╭──

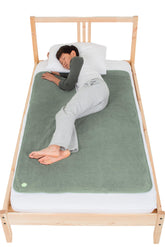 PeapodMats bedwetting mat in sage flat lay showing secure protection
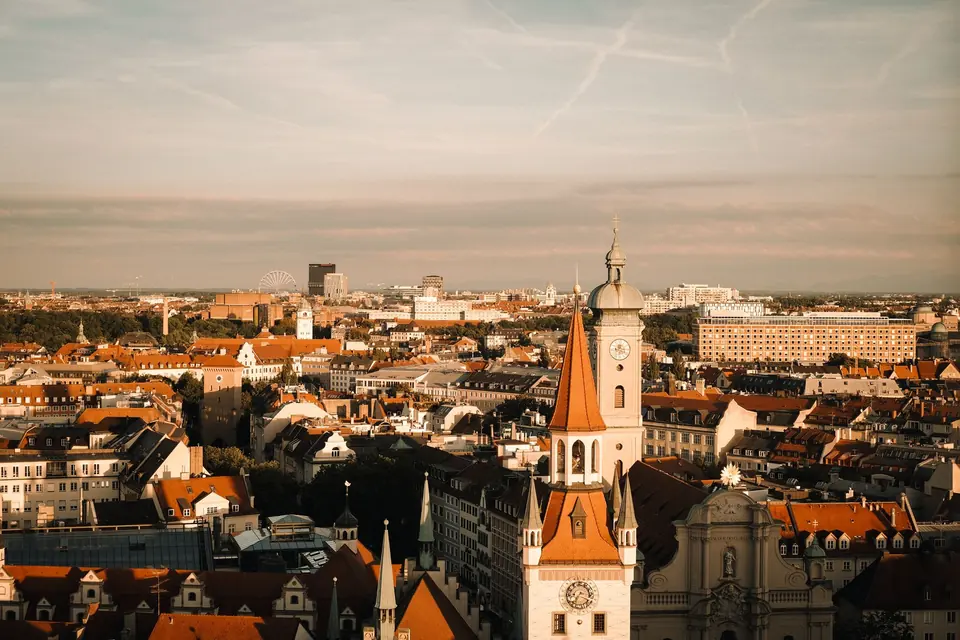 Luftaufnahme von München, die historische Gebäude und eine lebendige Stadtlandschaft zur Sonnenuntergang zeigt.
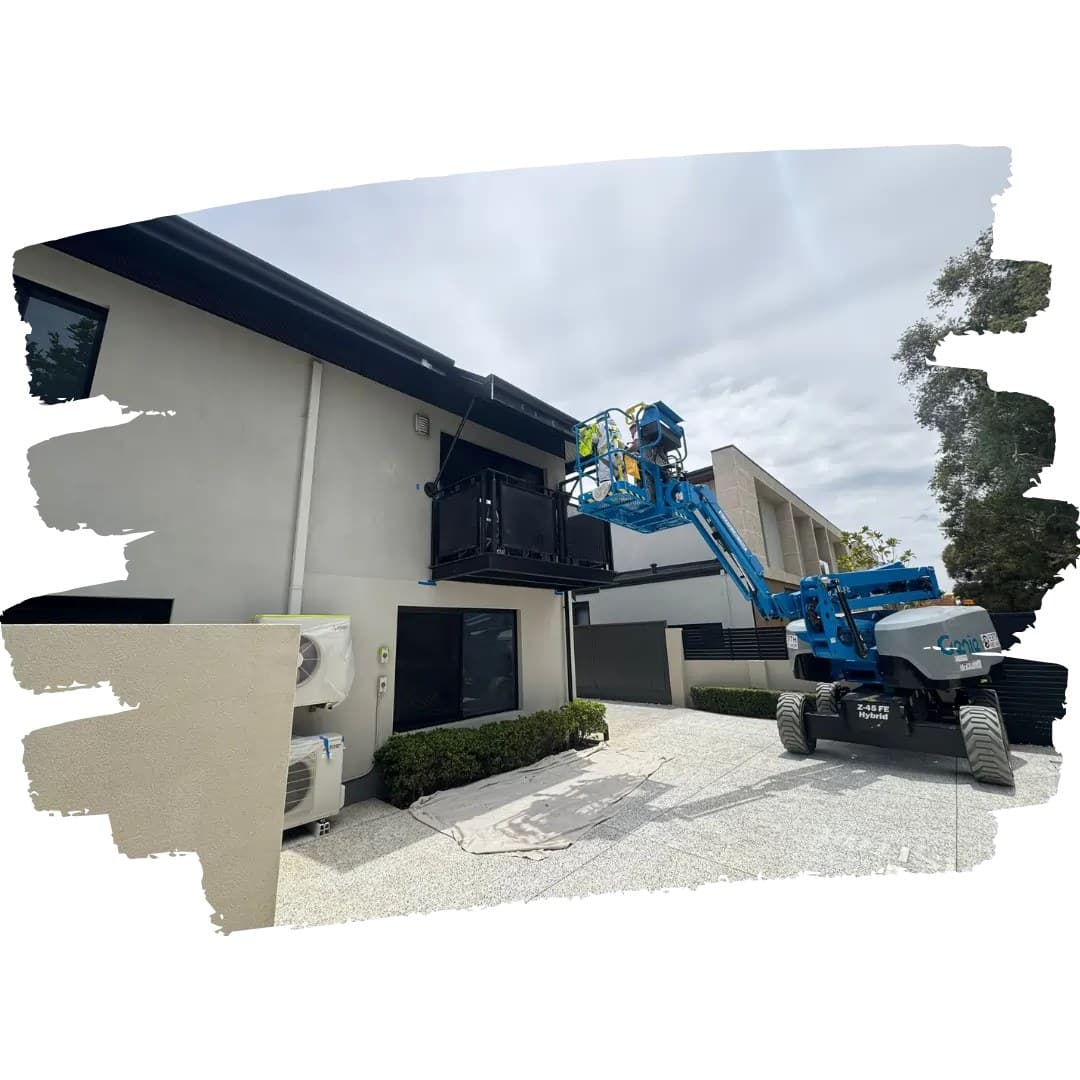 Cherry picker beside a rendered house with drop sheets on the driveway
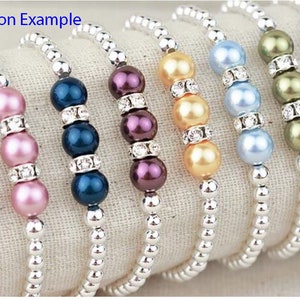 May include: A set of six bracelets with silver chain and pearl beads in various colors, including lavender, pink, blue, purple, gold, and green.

╰──
╭──

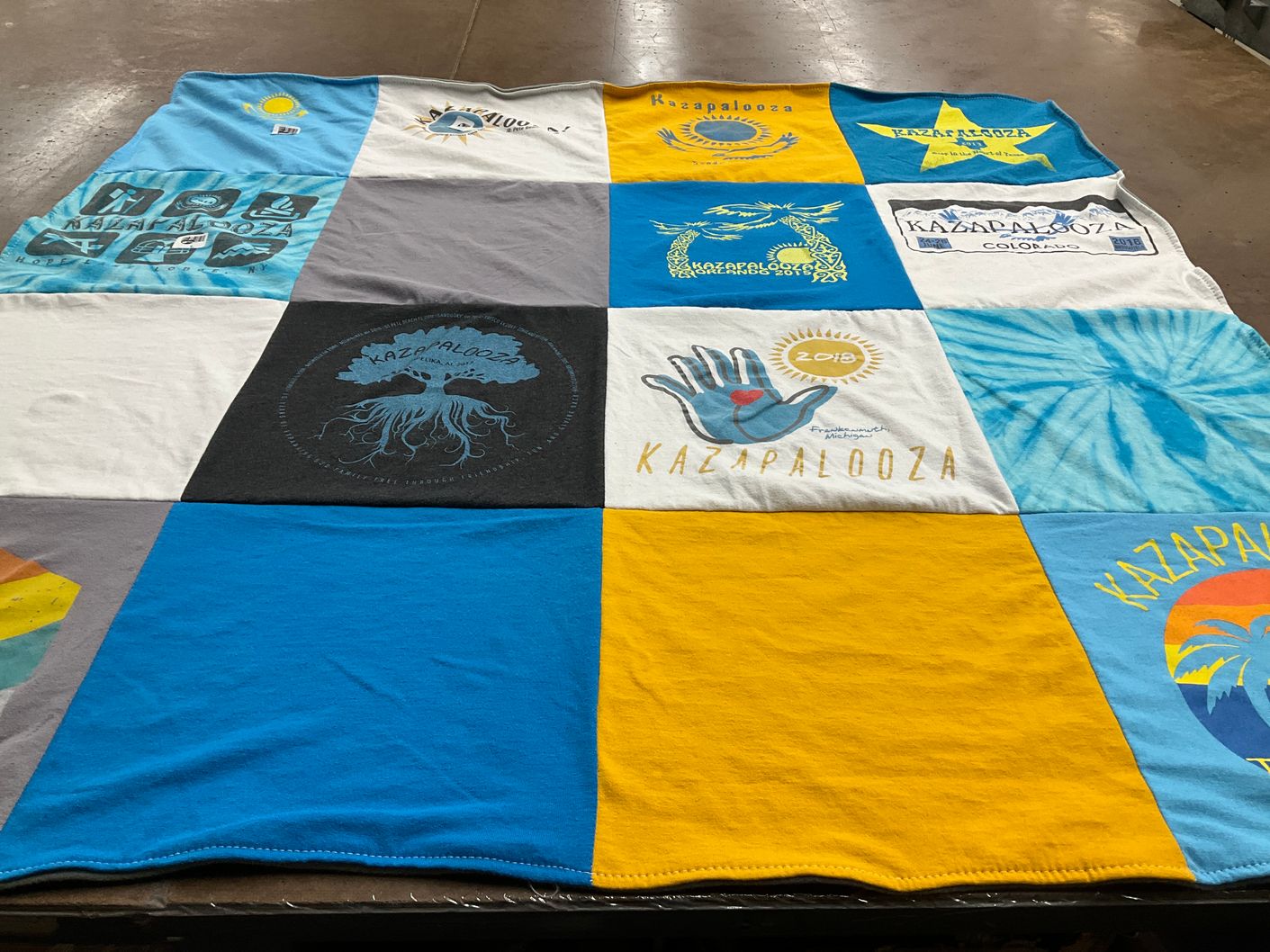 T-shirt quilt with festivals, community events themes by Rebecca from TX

╰──
╭──

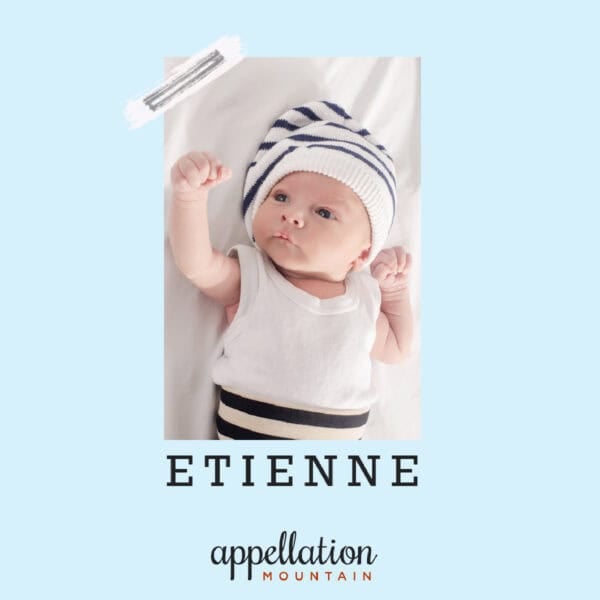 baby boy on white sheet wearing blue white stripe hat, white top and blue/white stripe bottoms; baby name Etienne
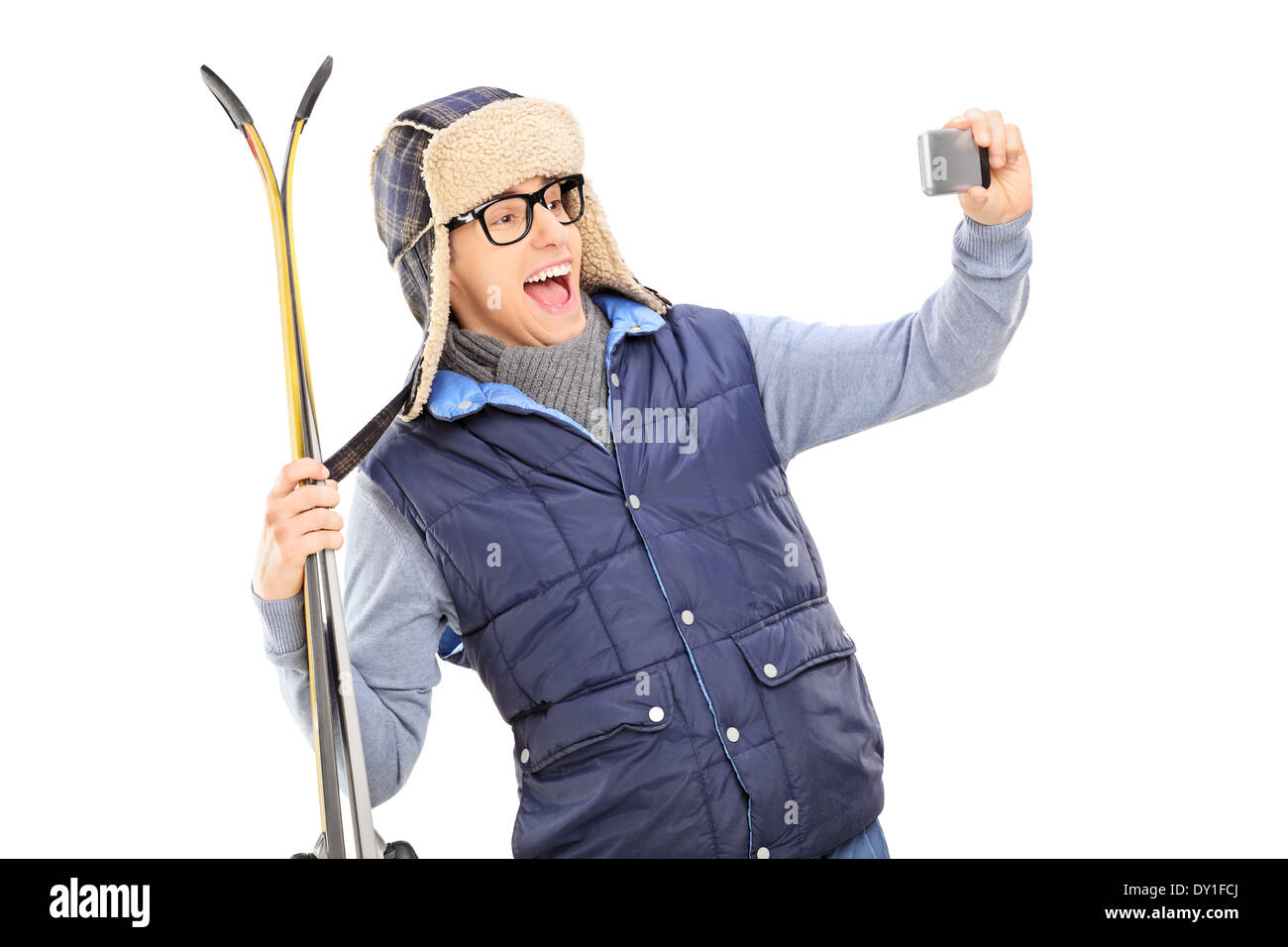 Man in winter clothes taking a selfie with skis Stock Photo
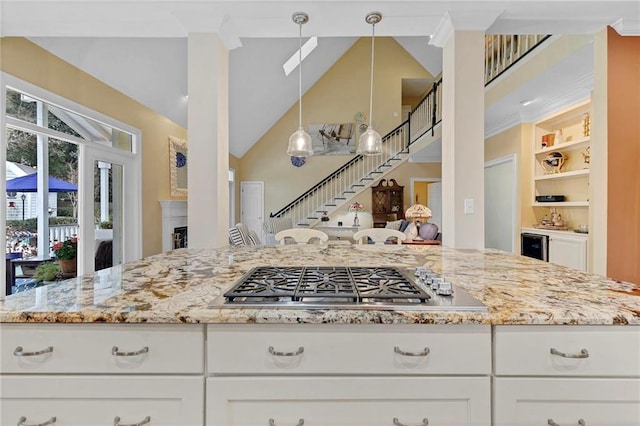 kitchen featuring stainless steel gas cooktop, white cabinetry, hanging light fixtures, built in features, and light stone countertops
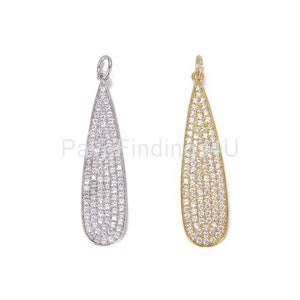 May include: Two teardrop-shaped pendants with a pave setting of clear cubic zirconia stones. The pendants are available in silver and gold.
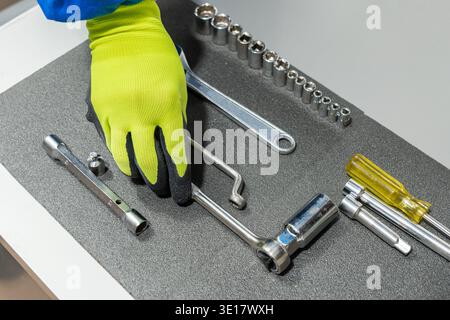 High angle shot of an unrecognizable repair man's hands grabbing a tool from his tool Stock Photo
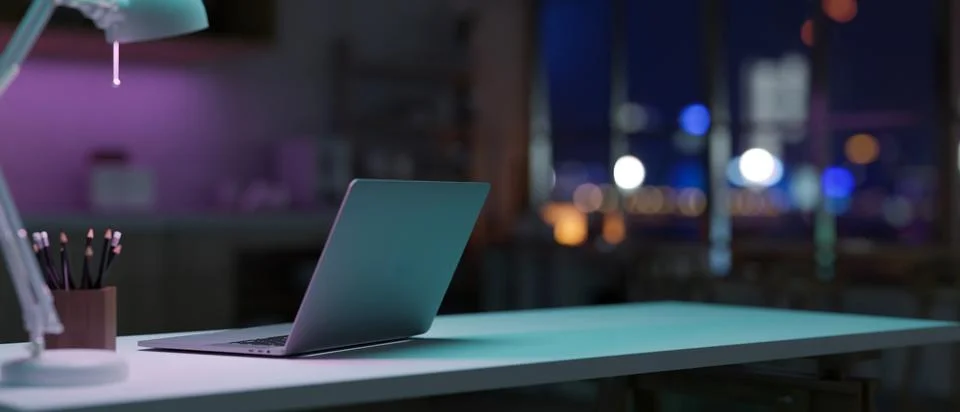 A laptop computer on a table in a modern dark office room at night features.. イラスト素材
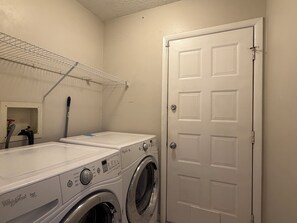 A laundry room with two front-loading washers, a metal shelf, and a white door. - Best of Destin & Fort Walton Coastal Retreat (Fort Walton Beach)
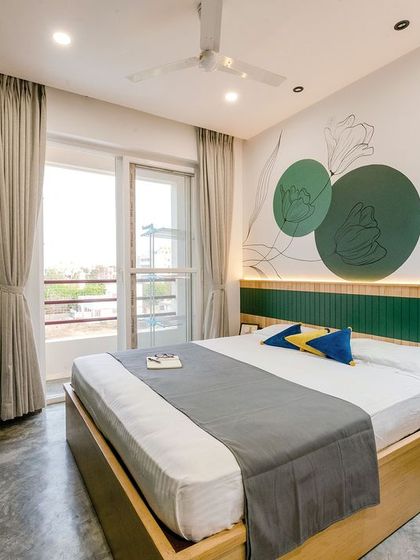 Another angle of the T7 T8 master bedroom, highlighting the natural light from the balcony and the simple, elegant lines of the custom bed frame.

╰──

=== WHAT TO DO ===
Copy word for word the lines above, starting at the line containing "PeapodMats bedwetting mat" and ending at the line containing "May include: A", inclusive, with no pictures.

=== SOLUTION TO THIS TASK ===
 PeapodMats bedwetting mat in sage flat lay showing secure protection
 Luftaufnahme von München, die historische Gebäude und eine lebendige Stadtlandschaft zur Sonnenuntergang zeigt.
 Cherry picker beside a rendered house with drop sheets on the driveway
 May include: A set of six bracelets with silver chain and pearl beads in various colors, including lavender, pink, blue, purple, gold, and green.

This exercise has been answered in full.